A sculpture of an astronaut helmet, with white bold writing on the front of the helmet in all capitals saying: ''On the back is a lie''. The back of an astronaut helmet with black writing in bold saying: 'On the front is the truth.'

On the 15th of June, 2021, I visited the Fulham art exhibition called ‘Art in the Age of Now’ in London, curated by Ben Moore, which was held between 20 May to 20 June in the old abandoned Fulham Town Hall, which is now being re-developed into a hotel: https://fulhamtownhall.com/

Before redevelopment artists took over the building, giving them a chance to express their art in full rooms.

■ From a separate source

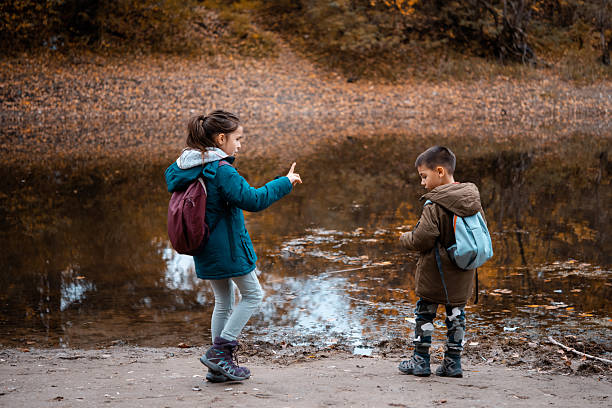Little girls watch their friend stir muesli in a lunchbox with a spoon while sitting on a stone fence by the sea. High quality photo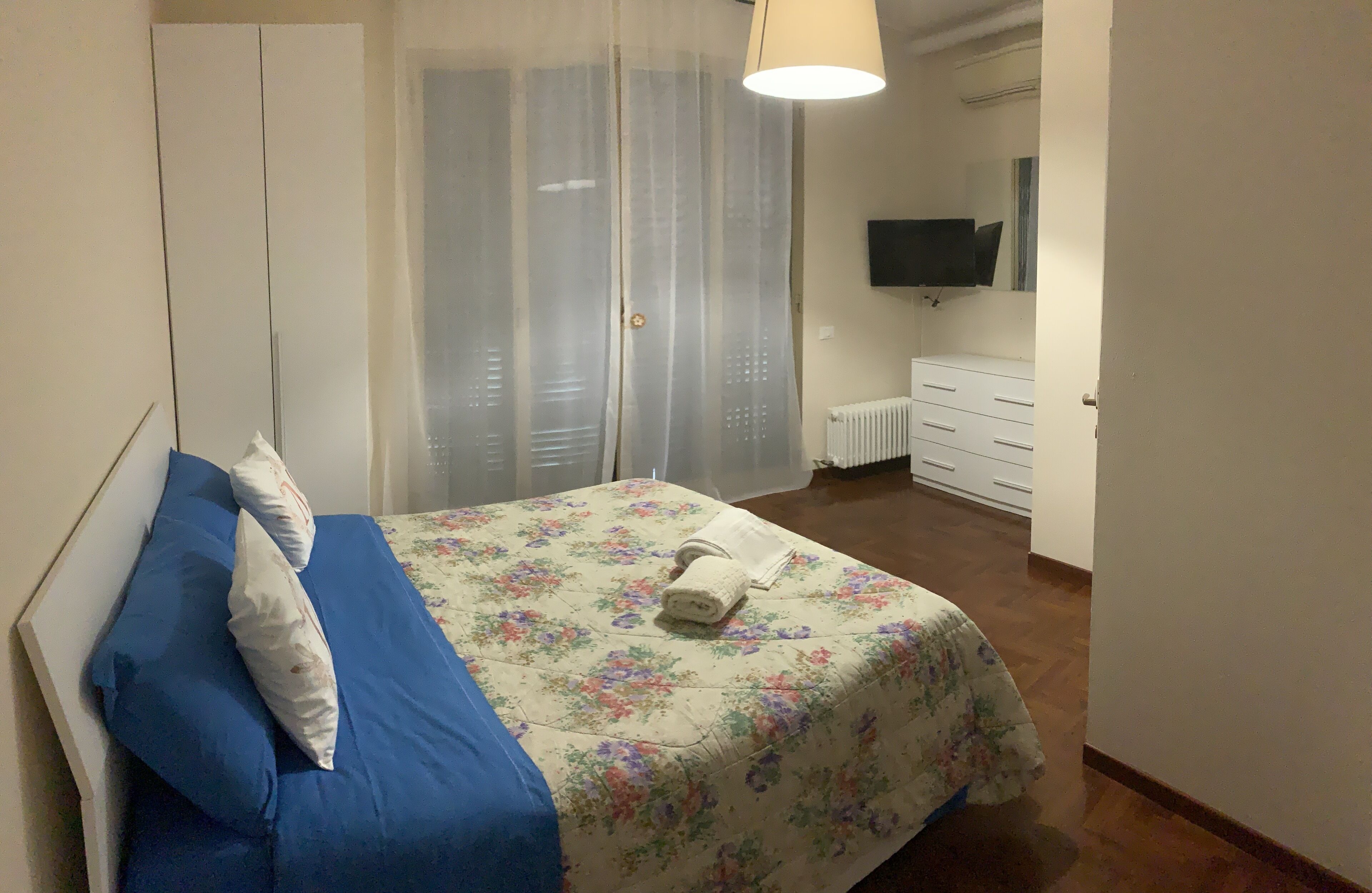 A bedroom with a bed, a wardrobe, a radiator, and a television on the wall.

This site talks more about the exhibition, mentions other artists who took part, and shows Ben Moore’s own art: https://inspiringcity.com/2021/04/30/art-in-the-age-of-now-at-fulham-town-hall/

With free entry, it was a great opportunity to experience the world of modern art through the lens of many different artists and their unique expressions of life and society.

One of my favourite art pieces from the Fulham exhibition, titled ‘Fear and Salvation’:

Fulham art exhibition: Painting of a group of religious people and a doctor wearing a surgical mask with a blade going through the palm of his hand.


Fulham art exhibition: Painting of a doctor wearing a mask, holding the nude body of an ill person

‘Fear and Salvation’

”I considered the idea that the operating theatre also stages brutal and violent scenes, yet one may enter with a sense of hope that you will emerge healed. Surgeons and anaesthetics play real life gods, angelic nurses and deacon doctors bring salvation to this sterile stage.” -Thomas Wright.

Fulham art exhibition: Painting of a doctor wearing a mask, with his bloody hand stretched forward to show a ring on his ring finger.

‘Fear and Salvation’

This piece, created by Thomas D. Wright, particularly stood out to me. The idea of doctors and surgeons being ‘real life gods’ and ‘bringing salvation’ is a fascinating one – whilst certain people may rely purely on religion to ‘save them’ in times of illness, the true, physical ‘saviours’ are the doctors and the health care system. I really liked the idea that while the image of surgery may look gory and brutal, the final result is a person who ‘[emerges] healed’.


Another art piece I liked:

Fulham art exhibition: A blue-themed room with art on the walls and a mannequin hanging upside down in the centre of the room.

‘Brave New Normal’: The Hanging Man

I really enjoyed the art piece called ‘BRAVE NEW NORMAL’ by artists Spore and Switch.

”The installation depicts an allegorical narrative developed from our ongoing dialogue in response to the pandemic. Exploring themes of authority, conformity, and self-authorship, we invite viewers to make their own conclusions about truth and delusion.”

Throughout the room, there is art which relates to the theme of surveillance. There several CCTV cameras seen in the corners of the room. This piece of art was created during the Coronavirus lockdown, so it shows that because of the strict lockdown rules, people became hyper-alert towards each other, making sure no one was breaking any rules. The cameras suggest that the government (the authority) was closely watching everyone during lockdown to ensure conformity.

Upon entry into the room, one of the first few things I noticed was the mannequin. That immediately created a darker atmosphere to the room. The ominous sounds which played non-stop (such as sirens) in the background added to the ambience. The sound and the art on the walls created a very dystopic feel to the room, which may have echoed the views of many during the pandemic: fear and uncertainty about the future.